Seven-time Grand Slam champion Venus Williams began another campaign for an elusive Roland Garros title with a 6-1, 4-6, 6-2 victory over Bethanie Mattek-Sands.
After struggling with her consistency and game plan in the second set, the American veteran stepped inside the court during the final set and took away her compatriot’s timing. While Mattek troubled Williams with hard counterpunching and occasional forays to the net, she is still not
experienced enough to keep up with Williams’s frequent change of tactics.
“I went for my shots. I made too many mistakes, so I lost,” Mattek said.
Williams reached the final in 2002 where she fell to her sister Serena, and has reached the quarterfinals four other times, but in recent years she has struggled with her footing and is unsure of the strategy she should employ. At the age of 28, she’s no longer able to dominate off the ground. Last year, she fell to a zoning Flavia Pennetta of Italy.
However, now ranked No3 and in an open quarter of the draw, Williams could do some serious damage once again.
“Clay, I know is the only Slam Venus hasn't won,” Mattek said. “I'm sure she's pretty bent on winning it. I think she was playing good. She clocked a couple of big serves. That's her strength.”
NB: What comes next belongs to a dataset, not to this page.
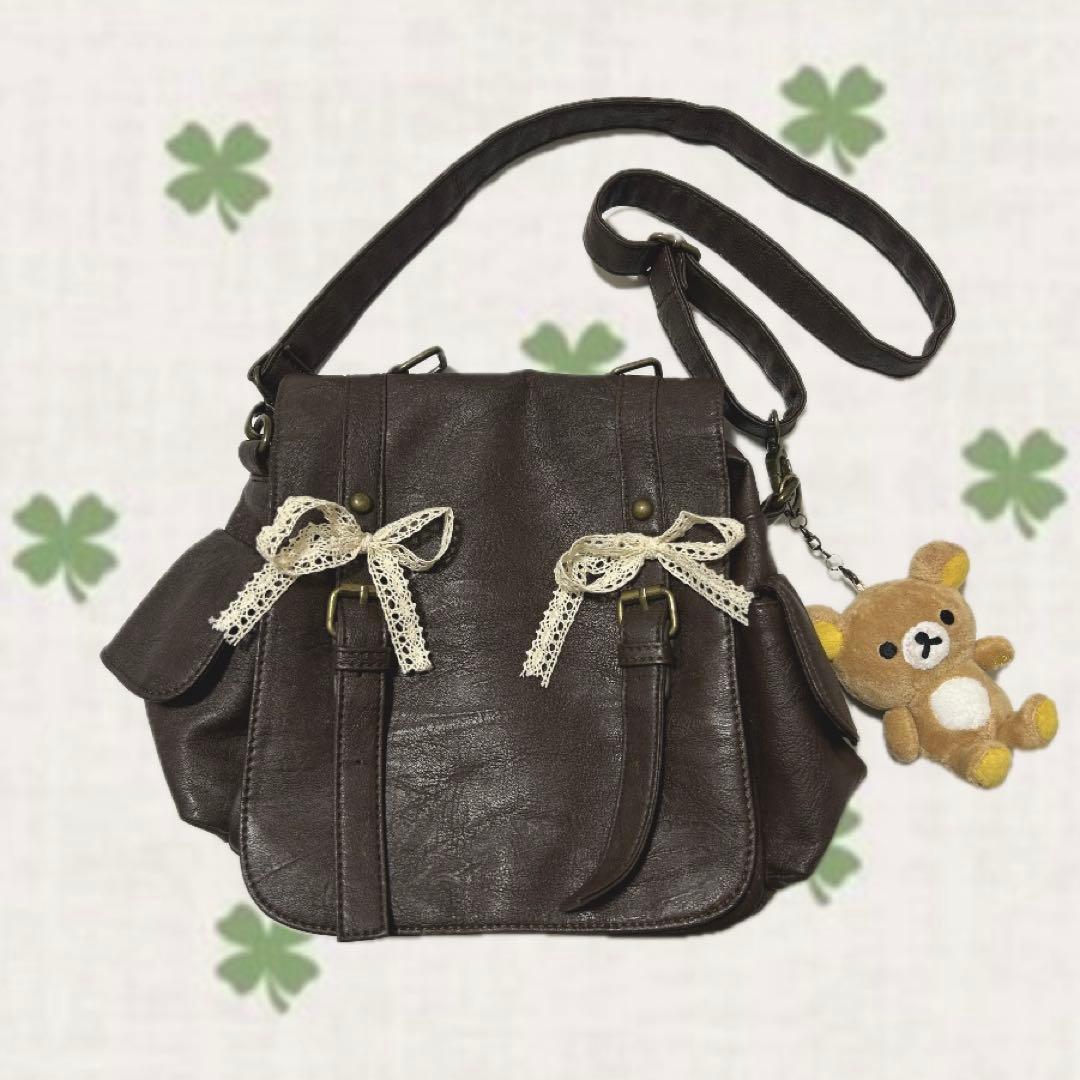 森ガール ショルダーバッグ リュック レザー フェアリーグランジ y2k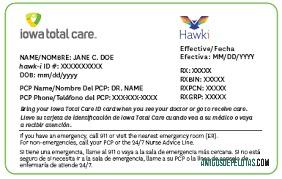 Cartão de seguro saúde de Iowa amostra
Top seed Dinara Safina, meanwhile, sent out a major statement that she is prepared to win her first Grand Slam title, destroying Britain’s Anne Keothavong 6 0, 6 0. Displaying no nerves and crushing the balls off both wings, Safina showed Keothavong no mercy, rarely making errors and coolly taking care of short balls.
“After I shook her hand she said at least you could give me one game,” said Safina, who reached the final last year. “I could imagine it's not nice to feel on the court, but I was just so into myself. I think I was playing with my head like into the match, so I didn't really focus [on that]. I just was playing point by point, game by game. If you start to play your game, it's tough to handle you.”
Coming into the tournament, the 23-year-old Safina has won consecutive WTA Premier titles at Rome and Madrid, successes that have made her the Roland Garros favourite. But in her two prior appearances in Slam finals – at Roland Garros 2008 and the 2009 Australian Open – she has come up well short, punched out by Ana Ivanovic and Serena Williams. She is trying not to focus on accolades that analysts are throwing her way.
“I'm not really paying attention what the people saying,” she said. “If I start to pay too much attention, you know – the most important thing I play my game and day by day, match by match, and how far I can get, God knows.”